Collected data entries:

++++++++

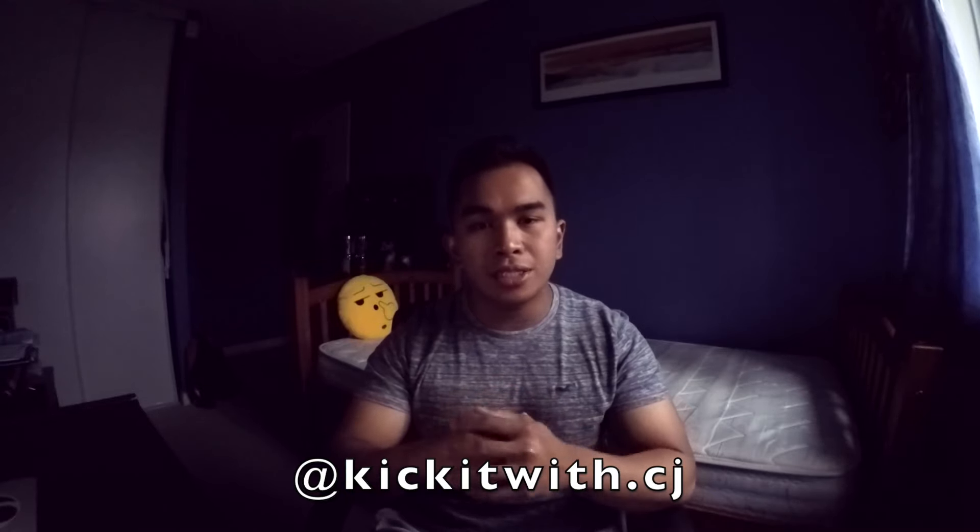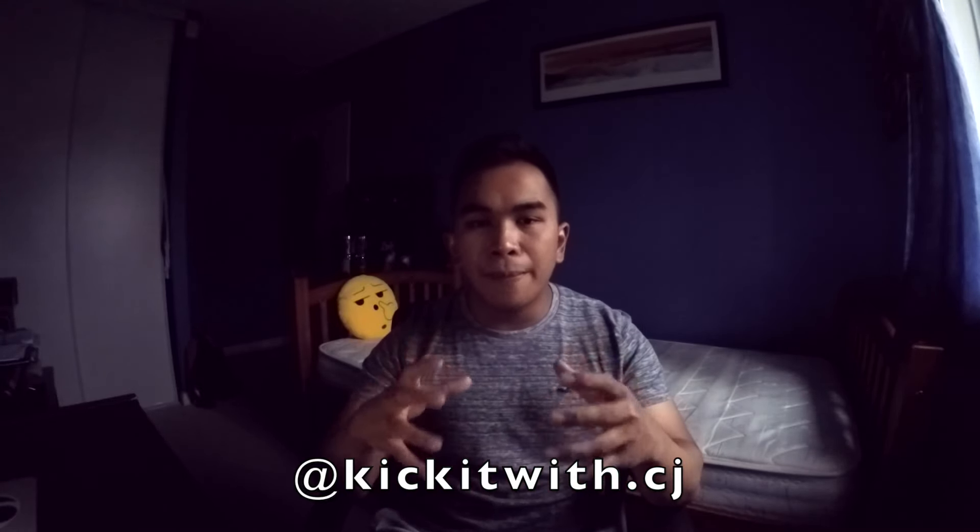I hope you guys liked this video, and if you did please click the like button down below. If you're new to the channel, don't forget to click the subscribe button and leave me a comment. Also follow me on my Instagram — it's kickitwith.cj — the link is in the description box. Anyways guys, this is Kick It With CJ signing out, peace.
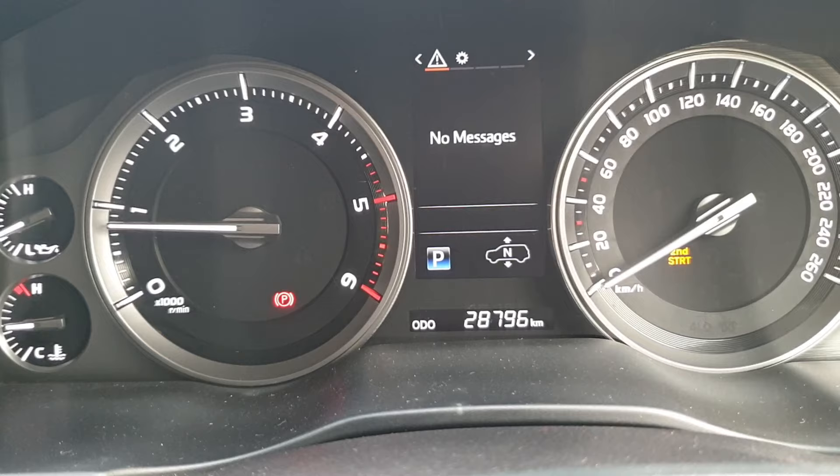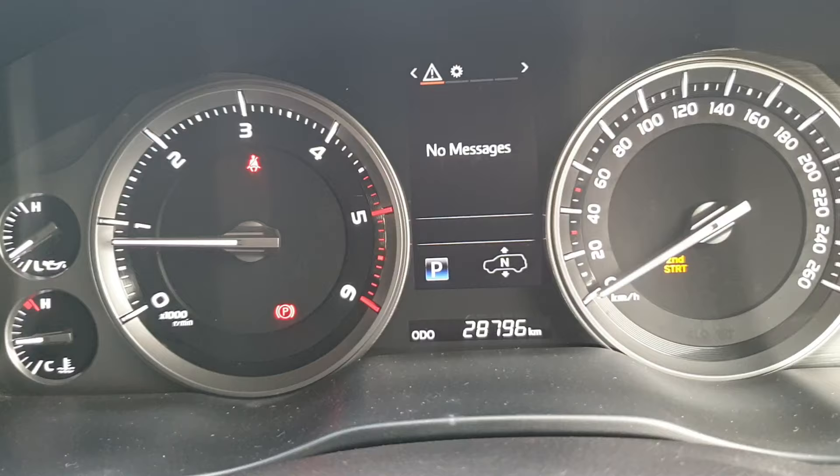rather than taking pickup in the first gear, the vehicle takes pickup in the second gear. Because of this, there is no wheel spin happening and you can clear that slippery surface very easily.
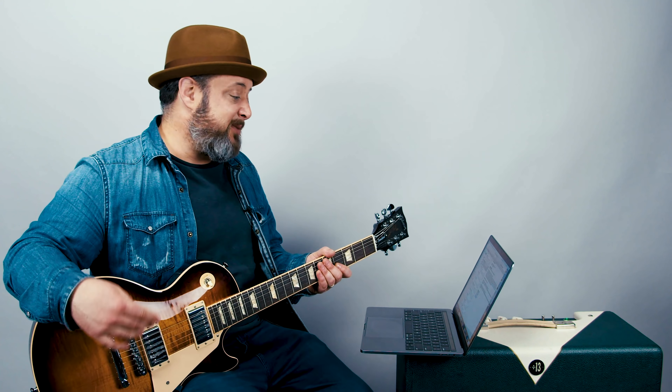Hey, what's up you guys? Marty Schwartz here with Marty Music. So I've been scrolling through the guitar subreddit and I found some of the best questions that I would like to give my hot take on. So let's check these out.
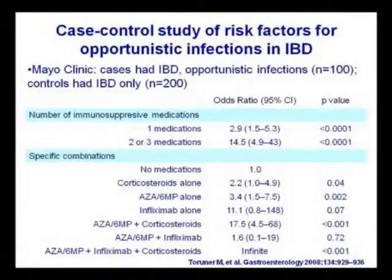This is a marker for more severe disease, more symptomatic disease. And there are data from the Mayo Clinic. This is a case-control study, which should always be suspect because it really depends on how the controls were selected. But assuming that the work was done well, it really seems to suggest that the more medications that you pile on that are immune suppressing, the higher the risk for infection.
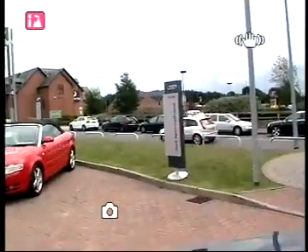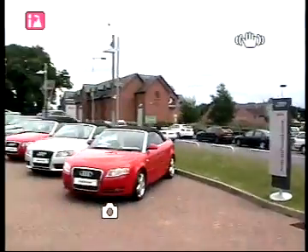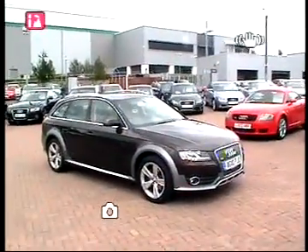Staff at Audi. My name is Pat Chilton and today I'm going to show you one of our Audi approved used vehicles. The vehicle I'm going to show you today is an Audi A4 Allroad.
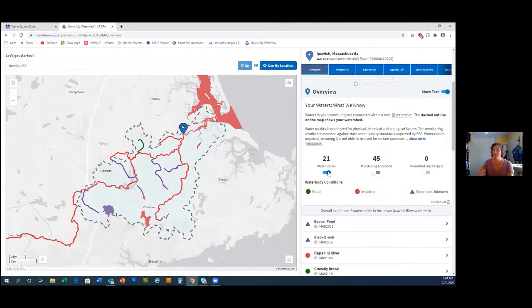When you come here you'll see there are 21 water bodies that were assessed by the state of Massachusetts for different uses. There are also 45 monitoring locations. You can turn this on and it will show all the monitoring locations coming from the Water Quality Portal. If you've entered your data into WQX at EPA, or if it's USGS data, it will show up here in How's My Waterway.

++++++++

§ Exercise: Retype the data above in full, exactly as it stands, and skip any image.

§ Answer area:
I hope you guys liked this video, and if you did please click the like button down below. If you're new to the channel, don't forget to click the subscribe button and leave me a comment. Also follow me on my Instagram — it's kickitwith.cj — the link is in the description box. Anyways guys, this is Kick It With CJ signing out, peace.
rather than taking pickup in the first gear, the vehicle takes pickup in the second gear. Because of this, there is no wheel spin happening and you can clear that slippery surface very easily.
Hey, what's up you guys? Marty Schwartz here with Marty Music. So I've been scrolling through the guitar subreddit and I found some of the best questions that I would like to give my hot take on. So let's check these out.
This is a marker for more severe disease, more symptomatic disease. And there are data from the Mayo Clinic. This is a case-control study, which should always be suspect because it really depends on how the controls were selected. But assuming that the work was done well, it really seems to suggest that the more medications that you pile on that are immune suppressing, the higher the risk for infection.
Staff at Audi. My name is Pat Chilton and today I'm going to show you one of our Audi approved used vehicles. The vehicle I'm going to show you today is an Audi A4 Allroad.
When you come here you'll see there are 21 water bodies that were assessed by the state of Massachusetts for different uses. There are also 45 monitoring locations. You can turn this on and it will show all the monitoring locations coming from the Water Quality Portal. If you've entered your data into WQX at EPA, or if it's USGS data, it will show up here in How's My Waterway.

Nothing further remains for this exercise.